Oui, la langue habille notre imaginaire et forge nos réflexions. Elle n'est pas seulement le ciment d'une nation mais un ferment de liberté, d'espoir lorsqu'elle ose sa plénitude, c'est-à-dire lorsqu'elle est la langue des poètes, des écrivains, des artistes, des philosophes.

 

Le Mexique, qui se définit comme une nation multilingue et pluriculturelle, reconnaît la grande valeur de la langue française, de ses puissants réseaux d’alliances françaises et d’établissements français à l’étranger et bien entendu de l’Organisation Internationale de la Francophonie. Mon pays a tiré parti de sa place en tant que membre observateur de cette organisation pour élargir et diversifier ses liens internationaux et nourrir un sentiment d’appartenance à notre patrimoine commun.

 

Nous avons construit des liens fondés sur nos aspirations partagées. Nous avons cimenté une culture commune qui, aujourd'hui, nous réunit.

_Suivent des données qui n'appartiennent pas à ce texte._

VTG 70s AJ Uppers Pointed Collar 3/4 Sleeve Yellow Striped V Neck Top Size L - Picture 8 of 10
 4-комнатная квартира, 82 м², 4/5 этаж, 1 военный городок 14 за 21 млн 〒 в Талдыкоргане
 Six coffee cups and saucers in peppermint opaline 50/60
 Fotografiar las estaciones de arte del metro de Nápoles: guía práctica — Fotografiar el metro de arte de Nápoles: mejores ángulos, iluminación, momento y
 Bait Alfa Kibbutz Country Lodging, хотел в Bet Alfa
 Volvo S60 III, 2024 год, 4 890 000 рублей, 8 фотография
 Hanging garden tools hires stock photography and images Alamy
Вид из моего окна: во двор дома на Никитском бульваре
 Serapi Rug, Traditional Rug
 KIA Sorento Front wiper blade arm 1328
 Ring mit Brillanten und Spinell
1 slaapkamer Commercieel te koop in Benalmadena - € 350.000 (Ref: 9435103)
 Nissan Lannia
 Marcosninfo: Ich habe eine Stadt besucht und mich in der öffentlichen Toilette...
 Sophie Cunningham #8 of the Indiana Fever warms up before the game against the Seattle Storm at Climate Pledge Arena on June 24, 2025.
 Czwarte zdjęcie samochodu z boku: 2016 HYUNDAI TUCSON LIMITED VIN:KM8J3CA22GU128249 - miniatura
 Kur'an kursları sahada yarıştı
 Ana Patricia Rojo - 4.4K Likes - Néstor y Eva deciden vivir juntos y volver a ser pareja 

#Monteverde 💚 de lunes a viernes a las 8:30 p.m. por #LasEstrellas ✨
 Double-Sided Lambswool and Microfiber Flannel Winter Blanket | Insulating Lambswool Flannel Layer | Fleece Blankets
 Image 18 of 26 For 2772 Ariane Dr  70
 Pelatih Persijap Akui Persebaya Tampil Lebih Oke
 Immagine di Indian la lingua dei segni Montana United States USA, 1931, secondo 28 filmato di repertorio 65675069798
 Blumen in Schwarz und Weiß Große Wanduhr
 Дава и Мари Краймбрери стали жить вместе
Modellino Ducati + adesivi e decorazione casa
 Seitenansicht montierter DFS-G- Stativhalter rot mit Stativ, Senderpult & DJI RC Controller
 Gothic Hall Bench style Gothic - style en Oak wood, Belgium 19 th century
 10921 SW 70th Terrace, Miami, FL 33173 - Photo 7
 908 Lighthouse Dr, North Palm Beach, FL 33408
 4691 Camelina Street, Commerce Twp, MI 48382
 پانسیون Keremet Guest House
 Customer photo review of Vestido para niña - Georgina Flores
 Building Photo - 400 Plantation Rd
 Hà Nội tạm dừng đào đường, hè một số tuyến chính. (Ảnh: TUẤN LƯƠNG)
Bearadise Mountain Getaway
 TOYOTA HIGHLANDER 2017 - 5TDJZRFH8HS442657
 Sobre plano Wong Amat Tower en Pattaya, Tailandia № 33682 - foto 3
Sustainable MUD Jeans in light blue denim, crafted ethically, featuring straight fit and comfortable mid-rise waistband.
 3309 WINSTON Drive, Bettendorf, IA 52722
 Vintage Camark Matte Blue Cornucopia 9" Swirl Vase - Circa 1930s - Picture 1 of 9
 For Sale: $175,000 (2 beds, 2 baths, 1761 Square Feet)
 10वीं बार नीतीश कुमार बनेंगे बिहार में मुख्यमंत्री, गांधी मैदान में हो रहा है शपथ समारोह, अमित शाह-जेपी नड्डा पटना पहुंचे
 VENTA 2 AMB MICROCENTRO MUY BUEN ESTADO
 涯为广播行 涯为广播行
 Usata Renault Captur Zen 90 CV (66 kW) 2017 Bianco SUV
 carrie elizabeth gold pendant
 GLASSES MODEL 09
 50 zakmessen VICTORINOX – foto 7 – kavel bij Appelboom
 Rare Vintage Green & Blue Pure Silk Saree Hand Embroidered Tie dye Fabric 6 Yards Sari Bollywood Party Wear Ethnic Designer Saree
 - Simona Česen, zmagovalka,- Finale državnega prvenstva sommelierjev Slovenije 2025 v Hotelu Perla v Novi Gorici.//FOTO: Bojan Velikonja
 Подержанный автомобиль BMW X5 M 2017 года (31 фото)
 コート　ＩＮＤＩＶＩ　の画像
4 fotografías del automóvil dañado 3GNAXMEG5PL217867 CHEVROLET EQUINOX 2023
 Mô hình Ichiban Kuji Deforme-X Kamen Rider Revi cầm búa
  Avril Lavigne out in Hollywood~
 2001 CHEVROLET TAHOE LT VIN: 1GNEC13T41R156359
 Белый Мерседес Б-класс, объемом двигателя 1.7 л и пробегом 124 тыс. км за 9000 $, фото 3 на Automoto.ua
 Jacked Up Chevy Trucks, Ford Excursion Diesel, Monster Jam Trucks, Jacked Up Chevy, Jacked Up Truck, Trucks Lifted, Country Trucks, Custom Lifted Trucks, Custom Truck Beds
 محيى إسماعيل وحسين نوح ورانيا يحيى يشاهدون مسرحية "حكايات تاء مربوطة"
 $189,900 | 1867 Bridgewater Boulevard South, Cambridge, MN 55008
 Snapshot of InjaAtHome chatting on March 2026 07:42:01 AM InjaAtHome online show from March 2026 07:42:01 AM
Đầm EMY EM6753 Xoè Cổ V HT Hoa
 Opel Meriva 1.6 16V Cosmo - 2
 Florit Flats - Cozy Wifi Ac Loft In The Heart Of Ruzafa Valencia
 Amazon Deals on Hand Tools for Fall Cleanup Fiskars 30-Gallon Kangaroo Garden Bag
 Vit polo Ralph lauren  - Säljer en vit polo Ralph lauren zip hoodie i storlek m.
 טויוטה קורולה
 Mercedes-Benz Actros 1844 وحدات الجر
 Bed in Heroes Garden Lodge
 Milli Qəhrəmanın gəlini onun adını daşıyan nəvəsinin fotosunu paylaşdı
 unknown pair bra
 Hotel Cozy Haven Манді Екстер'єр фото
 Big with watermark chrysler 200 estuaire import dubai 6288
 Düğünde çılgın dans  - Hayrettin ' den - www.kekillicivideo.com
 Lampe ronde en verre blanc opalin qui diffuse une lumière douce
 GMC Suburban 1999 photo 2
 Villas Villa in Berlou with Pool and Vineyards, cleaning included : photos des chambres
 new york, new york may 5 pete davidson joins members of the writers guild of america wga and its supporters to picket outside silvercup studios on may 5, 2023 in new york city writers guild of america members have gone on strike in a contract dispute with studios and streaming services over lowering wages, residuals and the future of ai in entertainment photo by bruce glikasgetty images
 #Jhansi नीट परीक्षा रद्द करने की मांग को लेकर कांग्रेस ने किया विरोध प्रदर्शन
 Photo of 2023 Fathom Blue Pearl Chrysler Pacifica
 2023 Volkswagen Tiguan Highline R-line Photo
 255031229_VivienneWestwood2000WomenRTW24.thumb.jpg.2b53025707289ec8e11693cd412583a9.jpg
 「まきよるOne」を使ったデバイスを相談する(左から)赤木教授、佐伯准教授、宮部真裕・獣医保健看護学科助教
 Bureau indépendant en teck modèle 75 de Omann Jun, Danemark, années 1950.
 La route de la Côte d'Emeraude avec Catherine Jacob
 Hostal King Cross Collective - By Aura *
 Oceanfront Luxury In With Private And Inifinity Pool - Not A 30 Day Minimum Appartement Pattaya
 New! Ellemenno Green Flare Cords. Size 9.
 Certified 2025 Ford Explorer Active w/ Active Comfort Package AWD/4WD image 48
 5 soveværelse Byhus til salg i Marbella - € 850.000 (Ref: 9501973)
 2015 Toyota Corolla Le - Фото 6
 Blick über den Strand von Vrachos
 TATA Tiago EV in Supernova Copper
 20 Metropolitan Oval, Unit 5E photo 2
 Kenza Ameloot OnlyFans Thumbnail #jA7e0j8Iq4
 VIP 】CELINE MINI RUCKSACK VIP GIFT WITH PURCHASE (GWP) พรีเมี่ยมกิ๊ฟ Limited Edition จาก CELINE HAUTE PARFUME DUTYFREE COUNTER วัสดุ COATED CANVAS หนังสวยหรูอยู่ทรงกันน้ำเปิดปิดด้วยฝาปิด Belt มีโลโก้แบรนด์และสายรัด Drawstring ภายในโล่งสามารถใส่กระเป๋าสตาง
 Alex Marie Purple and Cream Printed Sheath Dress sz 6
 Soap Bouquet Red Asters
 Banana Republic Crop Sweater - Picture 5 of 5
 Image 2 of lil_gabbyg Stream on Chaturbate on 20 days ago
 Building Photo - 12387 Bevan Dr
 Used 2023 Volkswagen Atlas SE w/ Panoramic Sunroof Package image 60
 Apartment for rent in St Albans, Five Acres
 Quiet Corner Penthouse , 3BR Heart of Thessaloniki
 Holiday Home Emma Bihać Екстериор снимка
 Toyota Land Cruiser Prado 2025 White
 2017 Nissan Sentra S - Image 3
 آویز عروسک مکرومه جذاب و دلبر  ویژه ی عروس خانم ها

Alors que le Mexique commémore cette année plusieurs anniversaires importants, les 700 ans de la fondation de Mexico-Tenochtitlan, les 500 ans de la conquête espagnole, et le bicentenaire de son Indépendance, je tiens à saluer l’implication des autorités françaises qui se joindront aux célébrations officielles à travers le prêt de biens culturels, le défilé de la Légion étrangère à Mexico ou encore les nombreuses manifestations culturelles françaises programmées dans l’Etat de Querétaro. Nous avons à cœur de renforcer l'idée du pouvoir de la culture, en tant qu'instrument moteur d'inclusion et de transformation sociale, d'intégration des cultures autochtones non seulement au modèle de développement du pays, mais également au dialogue avec le monde et, surtout, au travail de récupération de la mémoire historique. 

 

 

Chers amis,

 

Je ne saurais conclure sans vous dire notre infinie reconnaissance pour l’exceptionnel accueil que vous nous avez réservé et pour le précieux concours que vous m’avez apporté pour accomplir ma mission au service de l’amitié franco-mexicaine.

 

Ma gratitude va également à ma chère épouse, dont le soutien ne m’a jamais fait défaut.

 

Mes dernières paroles seront celles du poète mexicain, Manuel Gutiérrez Nájera, qui ne cacha jamais son amour de la France et que je reprends à mon compte :

 

« La France, La France, l’urne transparente

dans laquelle l’esprit de l’Homme s’agite ;

Comme un écho qui répond au cri de la douleur,

Immense est son cœur éternel où palpite l’univers. »

 

 

Vive la France ! Vive le Mexique ! Vive l’amitié franco-mexicaine !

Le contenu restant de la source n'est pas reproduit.